Trust is critical to healthy, strong relationships. Of its very nature, our humanity is composed of a deep need for us to rely on others. Graeme Green says, “It is impossible to go through life without trust. That is to be imprisoned in the worst cell of all … oneself”. Trust is an amazing gift we both give and receive. The question is, what does trust look like? What are the components of this gift, this trust? Where and how do we find this gift and, perhaps most importantly, keep it, don’t lose it?

Vanessa Hall, from Sydney, published a little book in 2007 called ‘The Simple Truth about Trust’. She cites the ingredients of trust as: expectations, needs and promises; what she calls ENPs. “Trust is something that needs to be built”, she says.

Let’s build a Trust Bridge – in a similar form to a megalithic portal, seen in places such as Stonehenge.

One support of the bridge is expectations. We all bring expectations into our relationships based on past experiences; things we’ve learned, seen, heard, read – our entire basket of happenings. For this support of our Trust Bridge to be sturdy and reliable, we need to take the risk, to be open to vulnerability and communicate our expectations. We also need to listen to the other person’s expectations without judgment or cynicism.

The second support of the Trust Bridge is needs. Again, as humans we all have needs – and, importantly, we have the right to express those needs. That does not necessarily mean we will have all those needs met and we must accept that no one person can meet all our needs. Our needs can be basic: shelter, warmth, food, safety. They can rise to a need to belong, for respect, for love and acceptance and culminate in a need for space to grow and develop. Again, for this support to our Trust Bridge, sharing with each other our needs, exploring how we might assist in helping each other meet these needs is what ‘cements’ that vital support to the bridge.
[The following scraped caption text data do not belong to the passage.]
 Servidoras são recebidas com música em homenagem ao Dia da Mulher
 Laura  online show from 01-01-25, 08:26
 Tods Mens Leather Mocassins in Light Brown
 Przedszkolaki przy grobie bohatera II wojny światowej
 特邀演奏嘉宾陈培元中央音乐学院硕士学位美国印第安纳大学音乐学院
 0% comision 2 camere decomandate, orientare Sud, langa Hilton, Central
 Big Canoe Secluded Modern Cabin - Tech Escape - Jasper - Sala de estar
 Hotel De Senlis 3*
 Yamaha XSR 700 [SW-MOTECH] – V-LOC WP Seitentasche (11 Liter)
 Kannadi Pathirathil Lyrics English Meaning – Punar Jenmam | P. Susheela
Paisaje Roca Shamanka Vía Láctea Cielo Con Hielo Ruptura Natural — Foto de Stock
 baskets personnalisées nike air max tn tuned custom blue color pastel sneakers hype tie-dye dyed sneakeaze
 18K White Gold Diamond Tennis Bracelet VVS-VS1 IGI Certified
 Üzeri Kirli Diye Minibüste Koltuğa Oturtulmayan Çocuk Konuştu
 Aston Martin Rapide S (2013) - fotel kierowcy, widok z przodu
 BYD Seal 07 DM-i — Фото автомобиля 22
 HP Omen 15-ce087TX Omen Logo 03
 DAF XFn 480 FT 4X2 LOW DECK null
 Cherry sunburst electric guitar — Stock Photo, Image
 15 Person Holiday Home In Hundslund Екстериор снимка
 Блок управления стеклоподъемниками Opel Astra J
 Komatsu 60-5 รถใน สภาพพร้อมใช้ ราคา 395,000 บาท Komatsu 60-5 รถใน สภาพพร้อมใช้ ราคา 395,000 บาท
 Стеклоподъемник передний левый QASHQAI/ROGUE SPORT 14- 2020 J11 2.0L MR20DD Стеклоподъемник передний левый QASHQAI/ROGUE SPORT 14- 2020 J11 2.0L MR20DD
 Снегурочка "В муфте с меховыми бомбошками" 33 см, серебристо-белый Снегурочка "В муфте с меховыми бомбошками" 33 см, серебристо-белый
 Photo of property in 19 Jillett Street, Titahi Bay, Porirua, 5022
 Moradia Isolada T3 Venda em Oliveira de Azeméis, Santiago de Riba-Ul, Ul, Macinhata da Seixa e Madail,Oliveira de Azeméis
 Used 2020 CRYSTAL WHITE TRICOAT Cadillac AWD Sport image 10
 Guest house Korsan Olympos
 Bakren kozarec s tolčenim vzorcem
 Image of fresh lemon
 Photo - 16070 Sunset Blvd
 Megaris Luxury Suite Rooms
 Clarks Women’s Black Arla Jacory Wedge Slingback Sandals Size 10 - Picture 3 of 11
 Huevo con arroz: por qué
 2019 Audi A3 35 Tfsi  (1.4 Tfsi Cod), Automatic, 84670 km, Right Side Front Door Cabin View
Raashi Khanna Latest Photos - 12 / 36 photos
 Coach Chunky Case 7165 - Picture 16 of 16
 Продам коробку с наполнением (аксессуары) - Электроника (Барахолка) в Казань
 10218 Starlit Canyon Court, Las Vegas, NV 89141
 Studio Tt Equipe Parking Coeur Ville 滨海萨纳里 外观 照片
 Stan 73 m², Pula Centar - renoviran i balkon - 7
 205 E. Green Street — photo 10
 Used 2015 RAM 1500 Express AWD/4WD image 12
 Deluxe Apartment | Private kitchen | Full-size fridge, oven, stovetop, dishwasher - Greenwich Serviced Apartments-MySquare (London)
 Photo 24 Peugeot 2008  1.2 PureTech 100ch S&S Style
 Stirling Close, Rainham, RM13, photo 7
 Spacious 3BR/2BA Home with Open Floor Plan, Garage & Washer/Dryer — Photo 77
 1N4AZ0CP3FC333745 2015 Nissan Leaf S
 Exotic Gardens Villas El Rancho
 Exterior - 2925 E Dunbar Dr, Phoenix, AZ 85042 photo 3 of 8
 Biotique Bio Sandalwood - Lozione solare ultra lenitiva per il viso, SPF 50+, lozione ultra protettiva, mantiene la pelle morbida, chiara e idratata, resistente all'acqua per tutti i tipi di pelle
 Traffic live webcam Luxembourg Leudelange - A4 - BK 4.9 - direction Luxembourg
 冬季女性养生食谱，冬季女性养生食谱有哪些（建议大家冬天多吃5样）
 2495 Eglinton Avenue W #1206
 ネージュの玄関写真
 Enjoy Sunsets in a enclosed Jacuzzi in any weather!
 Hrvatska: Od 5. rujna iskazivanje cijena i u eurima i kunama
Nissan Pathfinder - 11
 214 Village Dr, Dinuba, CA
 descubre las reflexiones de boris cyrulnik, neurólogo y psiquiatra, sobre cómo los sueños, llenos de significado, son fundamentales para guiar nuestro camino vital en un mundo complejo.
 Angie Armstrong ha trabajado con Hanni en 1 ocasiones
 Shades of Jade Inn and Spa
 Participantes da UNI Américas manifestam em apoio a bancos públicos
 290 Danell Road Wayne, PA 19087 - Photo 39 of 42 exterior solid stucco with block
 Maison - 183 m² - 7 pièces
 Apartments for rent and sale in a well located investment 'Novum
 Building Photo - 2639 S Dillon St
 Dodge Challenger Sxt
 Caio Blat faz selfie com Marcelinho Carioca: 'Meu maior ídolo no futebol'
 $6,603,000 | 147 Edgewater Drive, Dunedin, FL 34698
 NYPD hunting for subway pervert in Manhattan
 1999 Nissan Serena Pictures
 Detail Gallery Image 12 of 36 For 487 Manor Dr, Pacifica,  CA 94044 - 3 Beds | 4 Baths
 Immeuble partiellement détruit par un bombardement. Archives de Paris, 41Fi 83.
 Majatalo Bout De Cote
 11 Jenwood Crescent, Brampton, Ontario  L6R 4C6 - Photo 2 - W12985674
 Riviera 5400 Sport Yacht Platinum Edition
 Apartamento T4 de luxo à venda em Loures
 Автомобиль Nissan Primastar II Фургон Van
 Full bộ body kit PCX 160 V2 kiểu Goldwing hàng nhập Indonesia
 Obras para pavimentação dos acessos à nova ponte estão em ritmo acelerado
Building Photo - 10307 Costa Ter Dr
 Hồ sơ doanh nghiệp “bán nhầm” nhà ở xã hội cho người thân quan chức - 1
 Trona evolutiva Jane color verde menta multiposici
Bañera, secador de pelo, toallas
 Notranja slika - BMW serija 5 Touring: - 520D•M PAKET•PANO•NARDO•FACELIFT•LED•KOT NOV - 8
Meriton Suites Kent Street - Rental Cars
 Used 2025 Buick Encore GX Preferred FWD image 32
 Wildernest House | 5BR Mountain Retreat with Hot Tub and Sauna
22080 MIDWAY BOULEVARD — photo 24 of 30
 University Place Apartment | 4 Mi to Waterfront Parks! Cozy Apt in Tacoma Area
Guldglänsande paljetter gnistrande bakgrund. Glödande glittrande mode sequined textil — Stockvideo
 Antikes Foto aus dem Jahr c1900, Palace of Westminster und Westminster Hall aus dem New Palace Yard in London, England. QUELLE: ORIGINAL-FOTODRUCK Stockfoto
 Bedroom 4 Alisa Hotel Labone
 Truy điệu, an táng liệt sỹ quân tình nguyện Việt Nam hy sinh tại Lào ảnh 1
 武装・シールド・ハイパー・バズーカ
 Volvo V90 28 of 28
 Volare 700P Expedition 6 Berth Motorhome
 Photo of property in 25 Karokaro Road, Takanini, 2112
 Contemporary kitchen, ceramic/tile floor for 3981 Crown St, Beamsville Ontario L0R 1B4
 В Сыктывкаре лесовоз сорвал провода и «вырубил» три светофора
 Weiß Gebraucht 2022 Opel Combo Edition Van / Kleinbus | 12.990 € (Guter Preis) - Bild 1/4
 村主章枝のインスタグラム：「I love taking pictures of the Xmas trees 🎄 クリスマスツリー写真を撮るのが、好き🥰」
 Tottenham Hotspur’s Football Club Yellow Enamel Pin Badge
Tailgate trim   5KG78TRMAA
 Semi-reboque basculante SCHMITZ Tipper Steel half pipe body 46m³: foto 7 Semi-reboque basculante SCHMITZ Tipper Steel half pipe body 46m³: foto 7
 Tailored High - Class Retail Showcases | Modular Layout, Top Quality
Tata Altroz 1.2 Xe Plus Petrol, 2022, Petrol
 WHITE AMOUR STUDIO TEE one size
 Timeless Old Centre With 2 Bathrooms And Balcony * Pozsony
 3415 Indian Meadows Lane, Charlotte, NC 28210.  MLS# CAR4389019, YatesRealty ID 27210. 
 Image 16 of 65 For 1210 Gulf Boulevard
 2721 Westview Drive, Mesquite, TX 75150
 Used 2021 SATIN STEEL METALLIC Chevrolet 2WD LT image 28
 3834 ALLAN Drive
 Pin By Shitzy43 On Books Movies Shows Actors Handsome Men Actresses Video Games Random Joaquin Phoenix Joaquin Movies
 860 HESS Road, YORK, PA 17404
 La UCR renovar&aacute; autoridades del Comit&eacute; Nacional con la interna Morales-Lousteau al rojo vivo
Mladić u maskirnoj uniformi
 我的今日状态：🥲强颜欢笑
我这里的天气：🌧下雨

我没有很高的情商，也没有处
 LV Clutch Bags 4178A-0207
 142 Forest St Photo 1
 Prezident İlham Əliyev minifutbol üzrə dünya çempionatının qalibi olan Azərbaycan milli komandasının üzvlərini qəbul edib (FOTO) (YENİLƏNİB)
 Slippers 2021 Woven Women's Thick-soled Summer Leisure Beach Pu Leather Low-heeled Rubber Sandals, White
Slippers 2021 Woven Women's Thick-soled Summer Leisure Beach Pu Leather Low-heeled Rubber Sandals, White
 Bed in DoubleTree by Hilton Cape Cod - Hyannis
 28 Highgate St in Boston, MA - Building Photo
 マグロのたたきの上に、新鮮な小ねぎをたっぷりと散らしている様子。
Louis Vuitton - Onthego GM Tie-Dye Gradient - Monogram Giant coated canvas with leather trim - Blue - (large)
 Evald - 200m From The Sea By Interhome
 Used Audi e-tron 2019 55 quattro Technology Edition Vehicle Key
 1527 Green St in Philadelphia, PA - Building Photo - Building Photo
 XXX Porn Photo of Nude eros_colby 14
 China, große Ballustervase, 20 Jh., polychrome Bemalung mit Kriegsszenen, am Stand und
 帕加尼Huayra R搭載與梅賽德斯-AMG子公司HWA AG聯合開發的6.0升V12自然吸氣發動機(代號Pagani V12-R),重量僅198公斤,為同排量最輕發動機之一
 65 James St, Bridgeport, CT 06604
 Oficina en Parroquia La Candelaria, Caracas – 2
The lintel – that which connects the two supports – is built of promises. For this lintel to do what it is supposed to – connect – we need to be able to differentiate between implicit promises and explicit promises. Implicit promises are things that are suggested or things we think we have heard. Explicit promises are clearly stated and must be honoured. We then know exactly what we are going to give/receive.

Sitting on top of the lintel, in the middle, is trust. While the two supports and the lintel, the connection, are constantly nurtured and respected, the portal stands its ground. Trust is solidified. When the foundations are not cherished, are not re-invigorated by open, non-judgemental communication, they become shaky – and trust collapses and smashes to the ground.

Your portal does need to be built; it does need to be ‘concretised’. It does not arise miraculously from the ground. If you really desire a life-giving relationship, you – as all of us – need to construct the foundation of a strong Trust Bridge, the elements of which are the ENPs: expectations, needs and promises that are acknowledged as ever changing, always evolving. And this evolution – like all growing things – requires nurture and care which is embodied in honest communication. Trust is then assembled.

Just remember – trust, itself, can never be ‘concretised’. It is always dependent on the strength of its foundations.